The Hazards of Cosmetics
By Carol Barczac
AEHA Quarterly Summer 1995
People who use of work with cosmetics
may be flirting with danger. At the University of California, researchers
studied 58,000 hairdressers, cosmetologists and manicurists and found they
had four times the usual rate of multiple myeloma, a malignant bone tumour.
The suspect substances included hair dyes, shampoos, hair conditioners,
relaxers, permanent wave solutions, detergents and nail products.
Other investigators have revealed that
make-up, talcum powder and bubble bath are potentially harmful substances.
· Lipsticks and make-up
may contain aluminum, a known toxin in humans, to make them long-lasting.

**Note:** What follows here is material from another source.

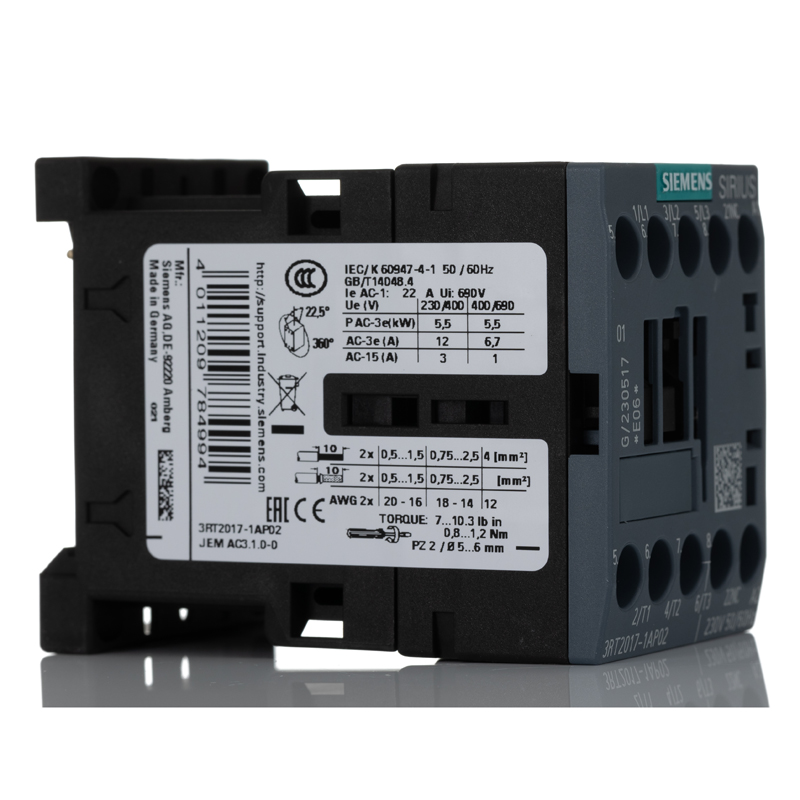 3RT2017-1AP02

· Coal tar dyes, the major colouring
agent in make-up, can result in dermatitis or skin cancer.
· Talcum powder is not innocuous.
In 1982 Daniel Cramer, MD, reported in the journal Cancer that women in
Boston who used talcum powder on their genitals and sanitary napkins had
a 328 times greater risk of ovarian cancer.

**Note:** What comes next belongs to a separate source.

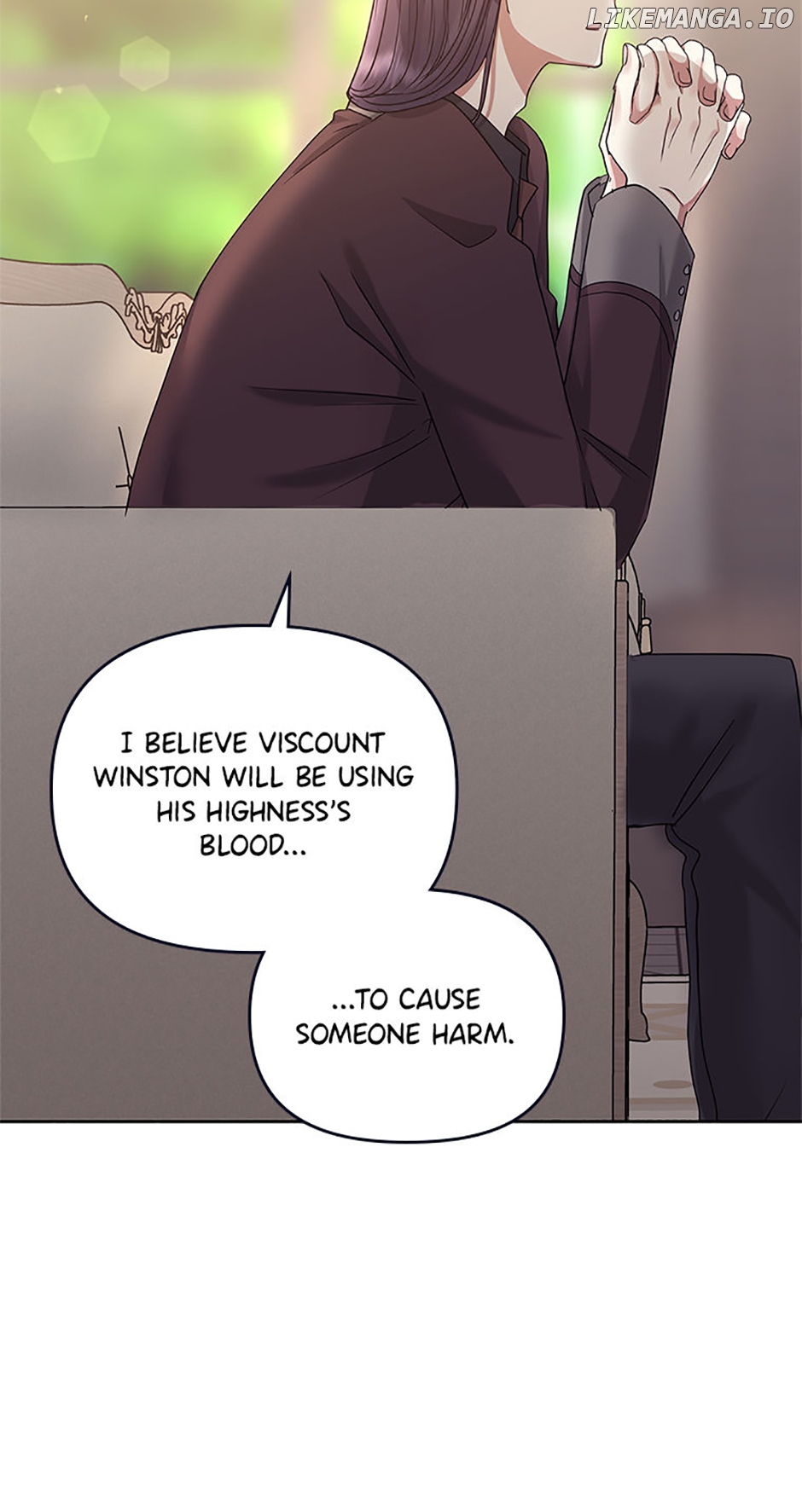 I’m A Villainess, But I Picked Up the Male Lead Chapter 49 - page 44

· Pseudomonas aeruginosa, a
bacteria highly resistant to therapy, can contaminate mascara and attack
an eyeball scratched by microscopic abrasions from soft contact lenses
or inadvertent damage by the applicator brush. Blindness can result.

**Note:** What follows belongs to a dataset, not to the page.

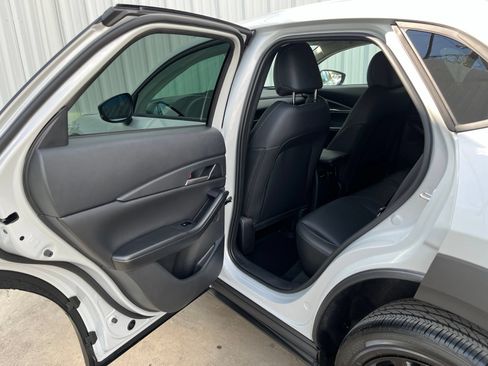 Used 2026 MAZDA CX-30 AWD 2.5 S w/ Select Sport Pkg image 12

· Adverse reactions to industrial
foaming agents in bubble baths, like alkylarylsulfonate, can cause skin
rash, urinary tract, bladder and kidney infections, genital disorders,
eye irritations and respiratory disorders.
Cosmetics are a low priority in
consumer safety since it is wrongly assumed they don’t affect our health.
Yet skin is not the barrier we once thought. Many medications are
now introduced transdermally by patch. Almost everything put on the
skin is absorbed to some degree.
Most cosmetics are poorly tested, especially
for chronic application causing low-grade toxicity. Most have been
scarcely tested at all, and only a few out of thousands have had expensive
toxicity testing. Consumers who develop reactions rarely complain;
they just stop using the product.
Ancient Egyptians were poisoned by
mercury-laden face powder, while Elizabethan court ladies used arsenic
face powder to whiten the skin. Cosmetic regulations were slow in
coming. In 1933, a prominent New York socialite was blinded by “Lash
Lure,” used to darken lashes and eyebrows. It remained on the market
and, within a year, another woman died eight days after an immediate and
extreme reaction to an application to only one eye. In 1938, the
depilatory “Kormelu” was advertised as safe for arms, face and legs.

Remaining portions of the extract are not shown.